Dataset items:
"""

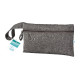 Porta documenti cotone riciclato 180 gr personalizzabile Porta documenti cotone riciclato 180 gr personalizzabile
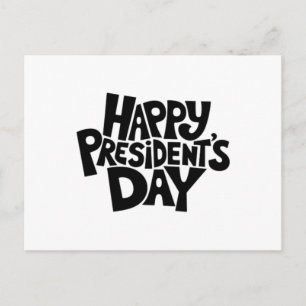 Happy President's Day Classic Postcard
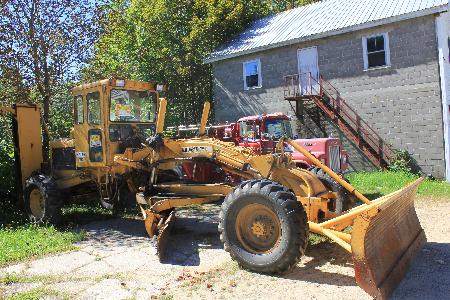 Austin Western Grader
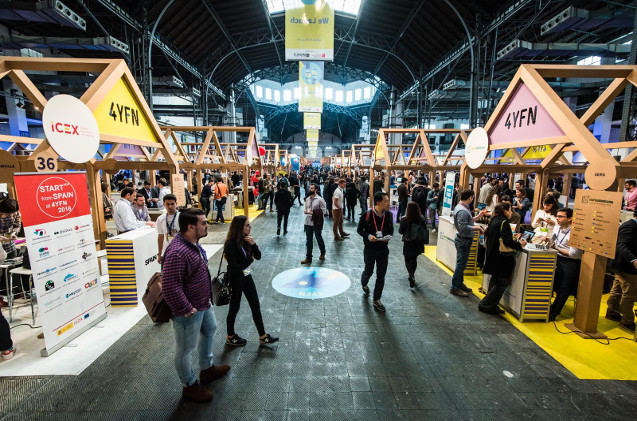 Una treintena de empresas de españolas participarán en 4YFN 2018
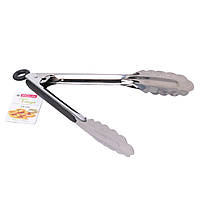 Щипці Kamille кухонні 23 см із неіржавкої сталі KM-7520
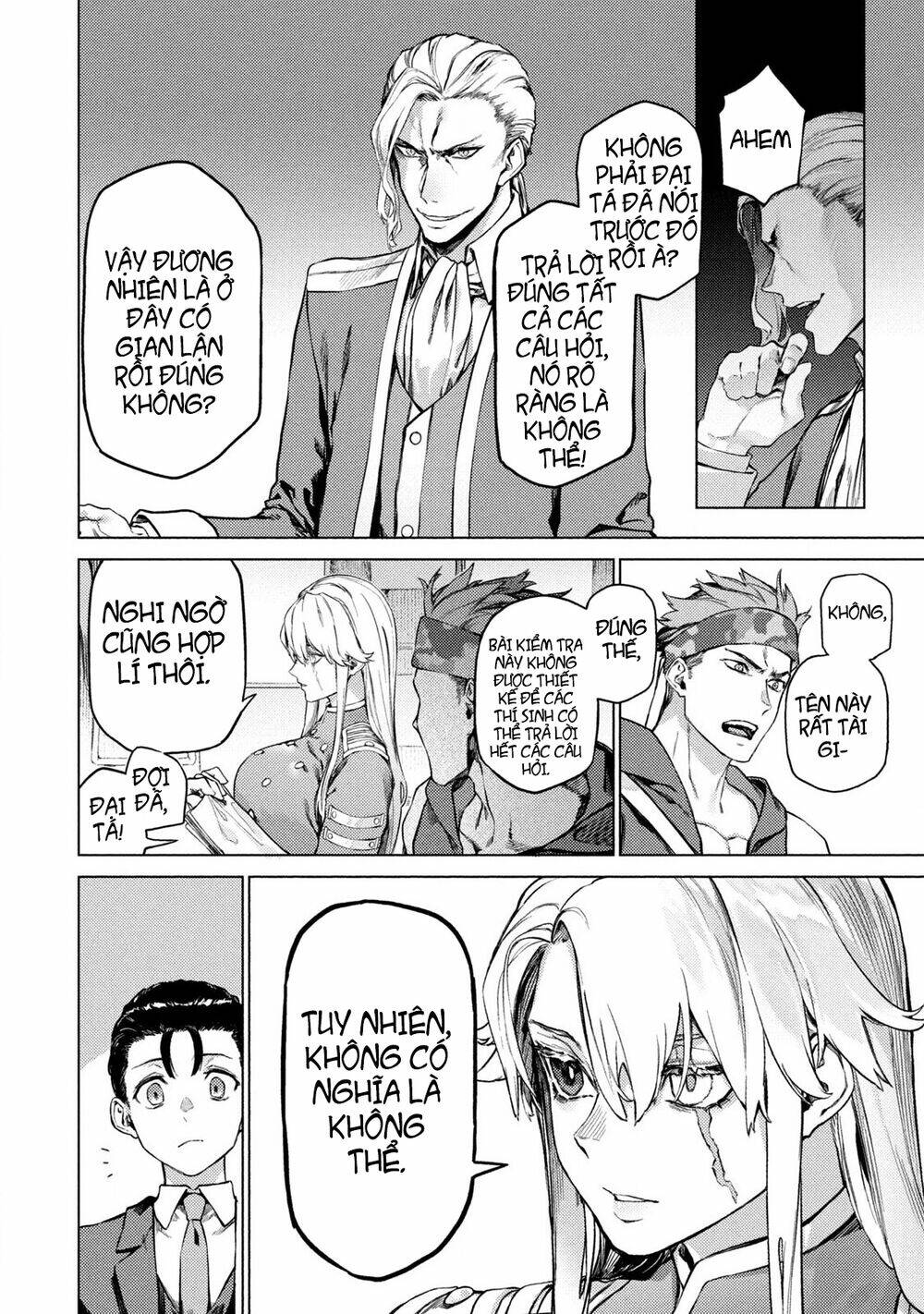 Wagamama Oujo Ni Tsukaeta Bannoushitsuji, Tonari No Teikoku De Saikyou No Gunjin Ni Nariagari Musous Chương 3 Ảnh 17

"""
"""

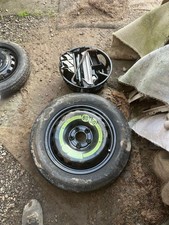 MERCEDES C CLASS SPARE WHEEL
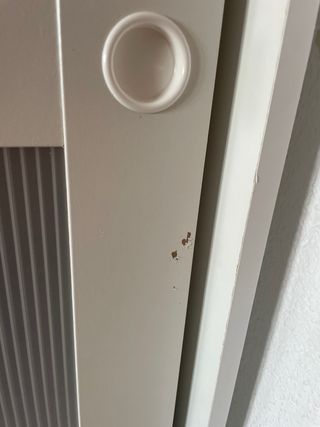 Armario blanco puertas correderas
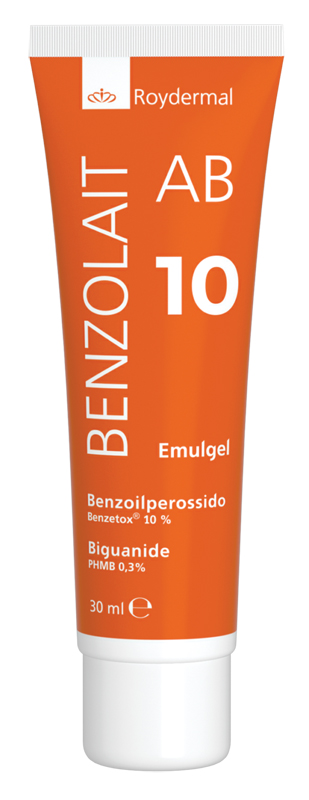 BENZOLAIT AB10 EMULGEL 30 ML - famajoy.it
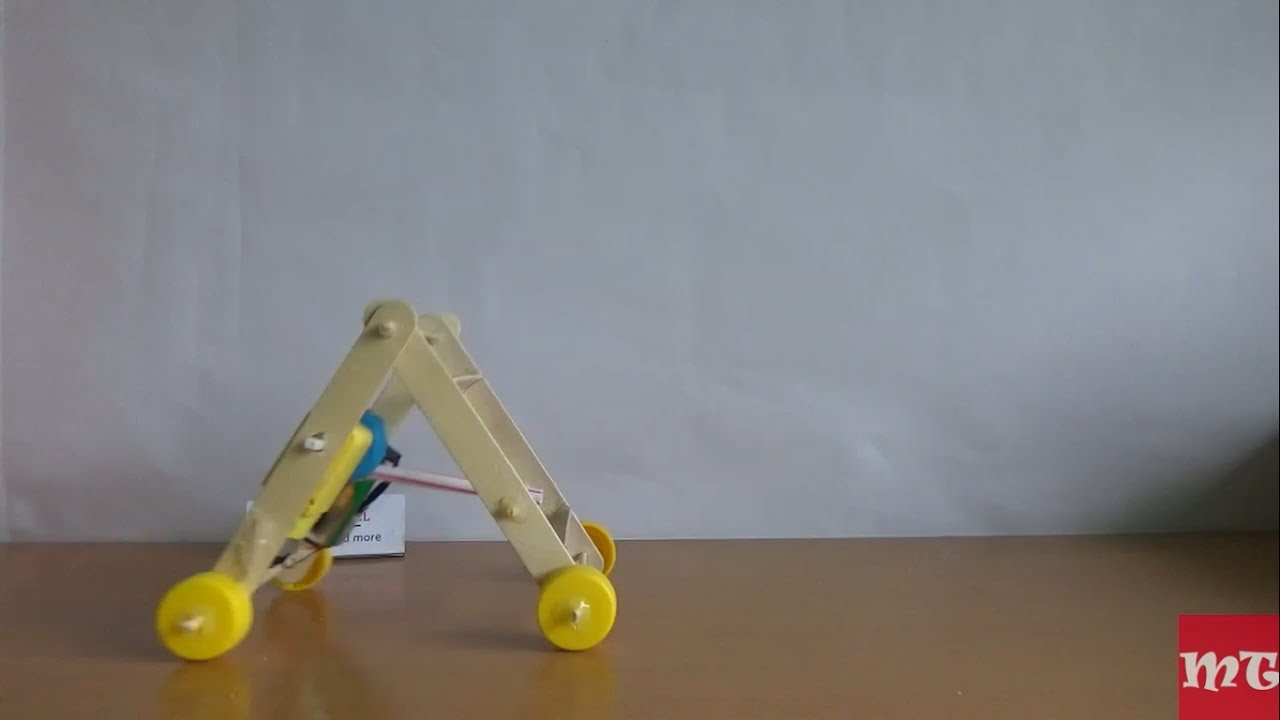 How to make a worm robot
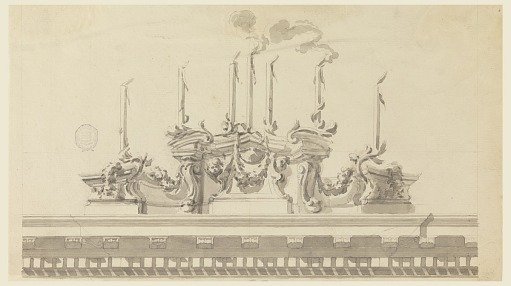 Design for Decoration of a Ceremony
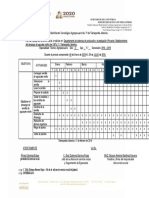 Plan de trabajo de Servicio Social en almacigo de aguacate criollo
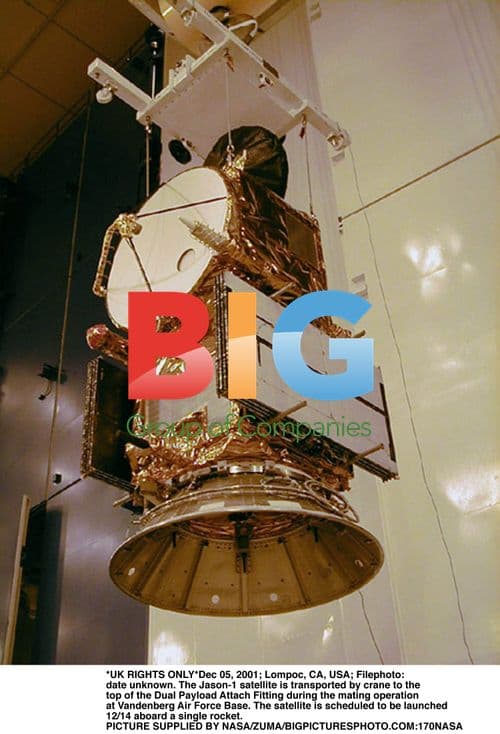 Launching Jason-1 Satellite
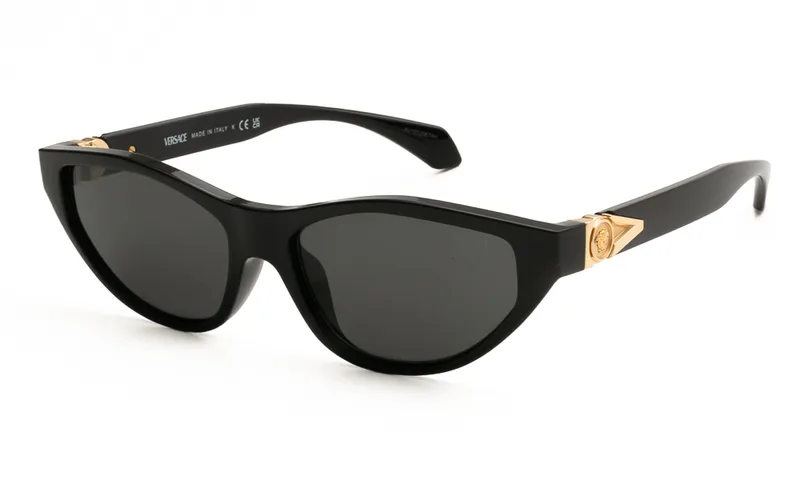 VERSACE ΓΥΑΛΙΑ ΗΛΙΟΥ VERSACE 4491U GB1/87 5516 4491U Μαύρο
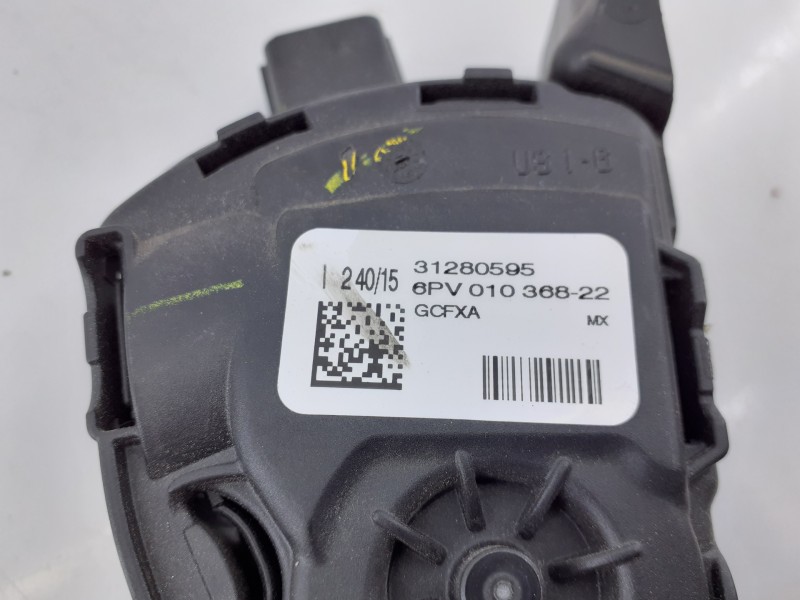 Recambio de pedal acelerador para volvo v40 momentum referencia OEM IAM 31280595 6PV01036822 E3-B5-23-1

"""

_ASSIGNED TASK_
Starting at the line above that has "Armario blanco puertas correderas" and ending at the line that has "Recambio de pedal", copy each line exactly, leaving the pictures out and adding nothing.

_TASK RESPONSE_
 Armario blanco puertas correderas
 BENZOLAIT AB10 EMULGEL 30 ML - famajoy.it
 How to make a worm robot
 Design for Decoration of a Ceremony
 Plan de trabajo de Servicio Social en almacigo de aguacate criollo
 Launching Jason-1 Satellite
 VERSACE ΓΥΑΛΙΑ ΗΛΙΟΥ VERSACE 4491U GB1/87 5516 4491U Μαύρο
 Recambio de pedal acelerador para volvo v40 momentum referencia OEM IAM 31280595 6PV01036822 E3-B5-23-1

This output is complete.